TASK BRIEF: Omit the pictures and retype only the lines from the one containing "Amor Virisso Floral" through the end of the listing, both ends included.

DATA SHOWN:
■ ■ ■

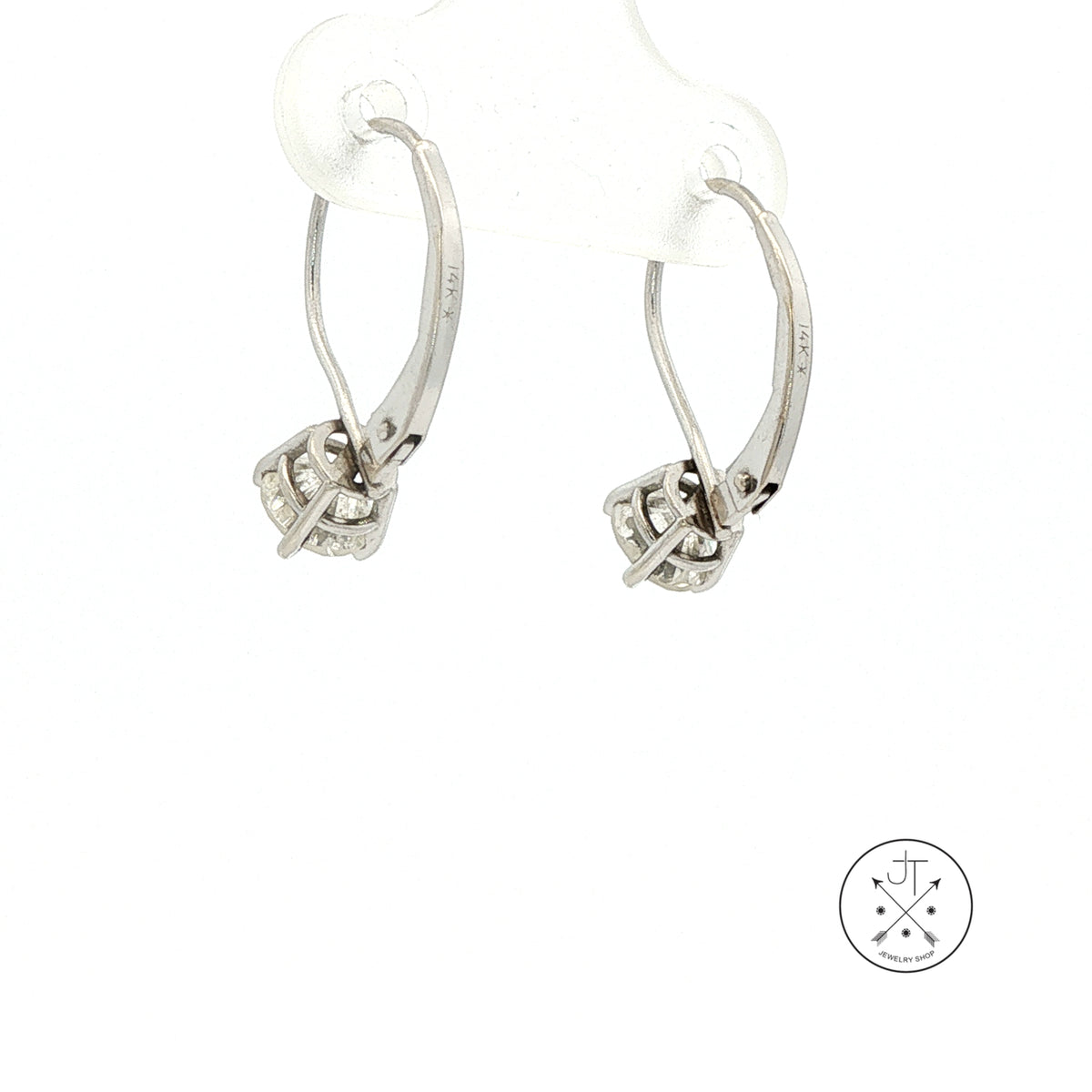 Vintage 14k White Gold Leverback Dangle Earrings 1 ctw Natural Diamonds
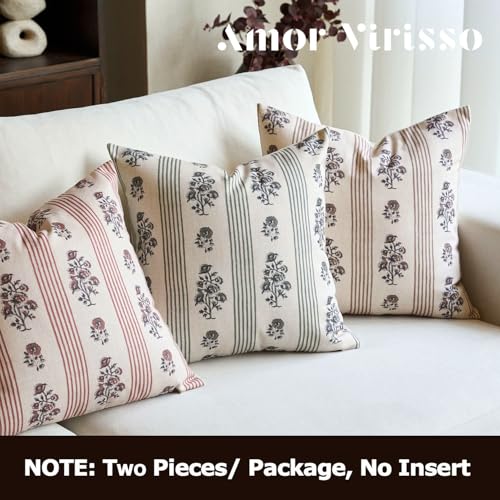 Amor Virisso Floral Throw Pillow Covers 18x18 Set of 2 Block Print Pillow Covers Neutral Floral Striped Farmhouse Decorative Pillow Covers for Sofa Couch Bed, Dusty Green - color: Dusty Green, size: 18" x 18" (Pack of 2)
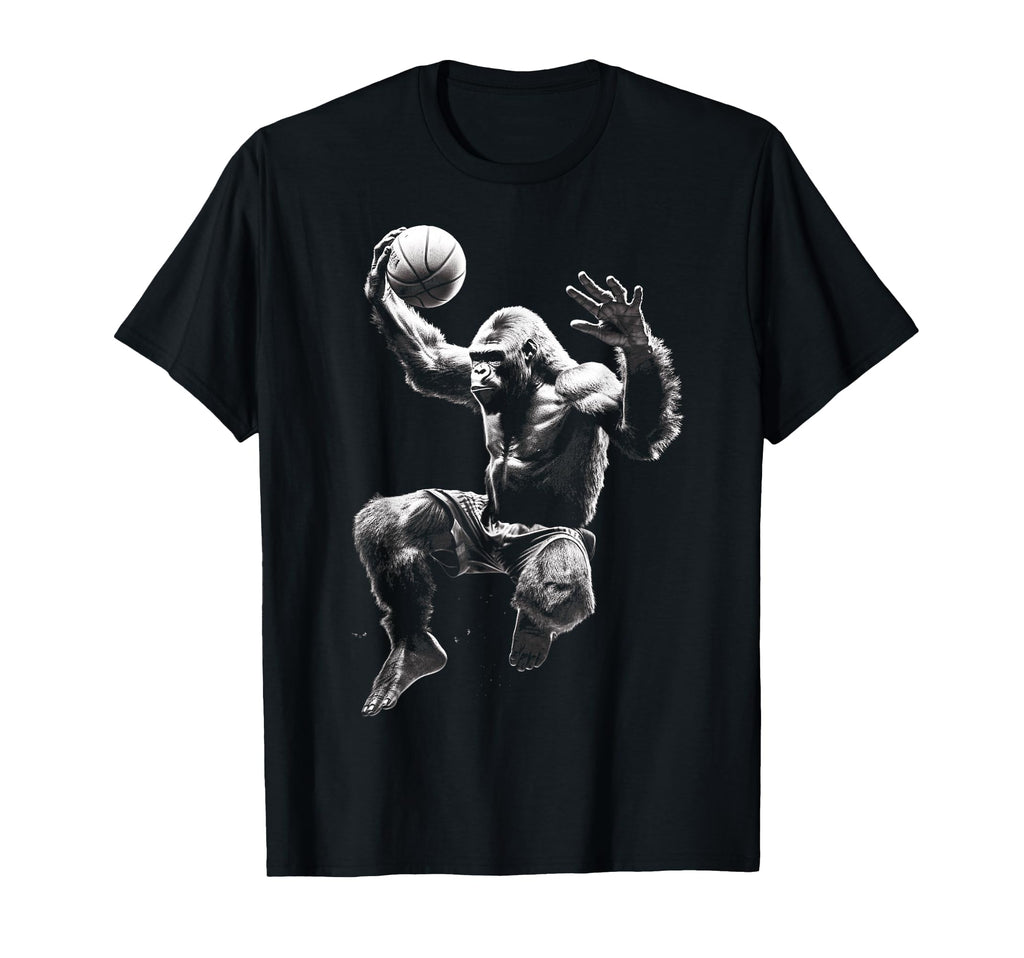 Gorilla Playing Basketball Funny Gorilla T-Shirt - Minimalist Print Unisex - T-Shirt, Sweatshirt, Hoodie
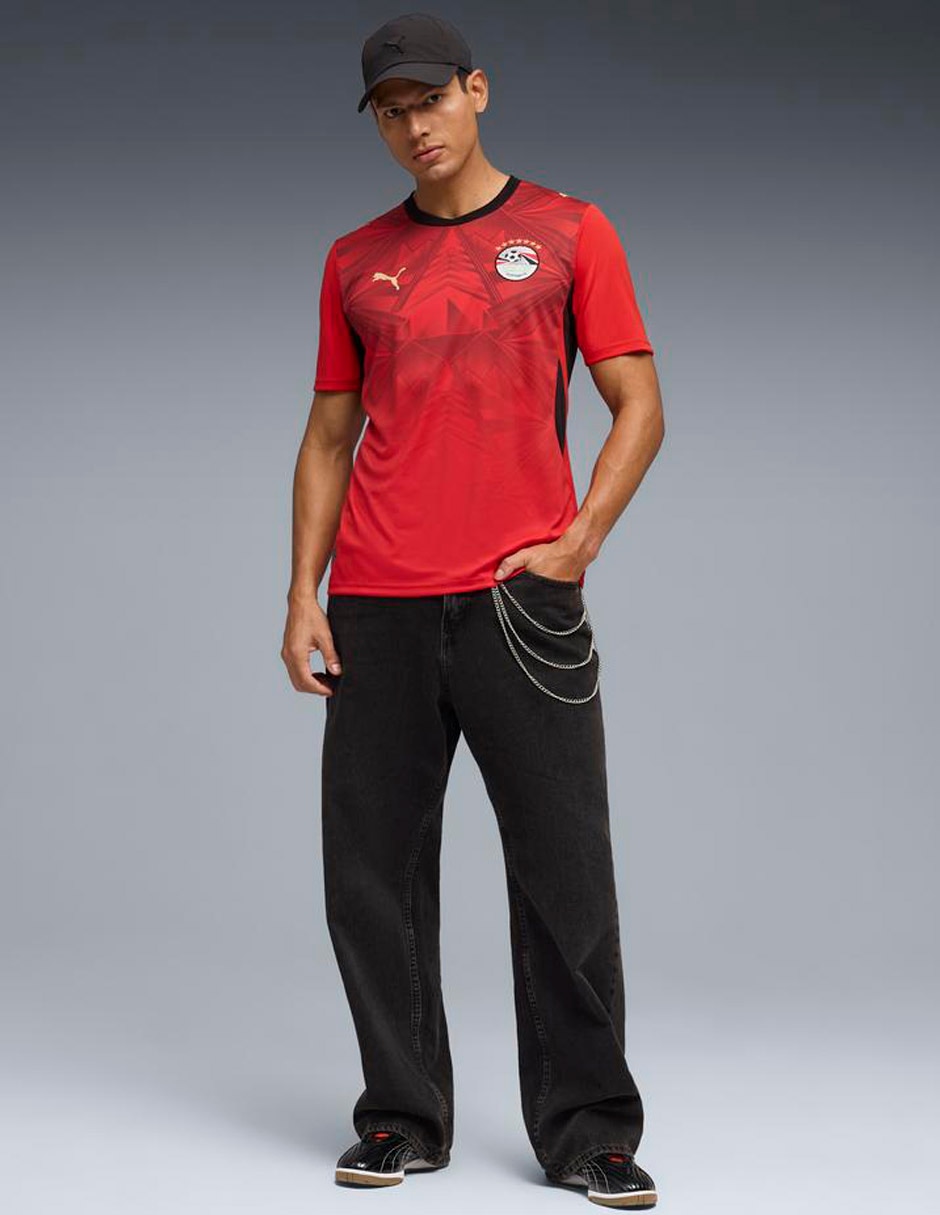 Jersey de Selección de fútbol de Egipto local manga corta para hombre Jersey de Selección de fútbol de Egipto local manga corta para hombre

■ ■ ■

TASK SOLUTION:
 Amor Virisso Floral Throw Pillow Covers 18x18 Set of 2 Block Print Pillow Covers Neutral Floral Striped Farmhouse Decorative Pillow Covers for Sofa Couch Bed, Dusty Green - color: Dusty Green, size: 18" x 18" (Pack of 2)
 Gorilla Playing Basketball Funny Gorilla T-Shirt - Minimalist Print Unisex - T-Shirt, Sweatshirt, Hoodie
 Jersey de Selección de fútbol de Egipto local manga corta para hombre Jersey de Selección de fútbol de Egipto local manga corta para hombre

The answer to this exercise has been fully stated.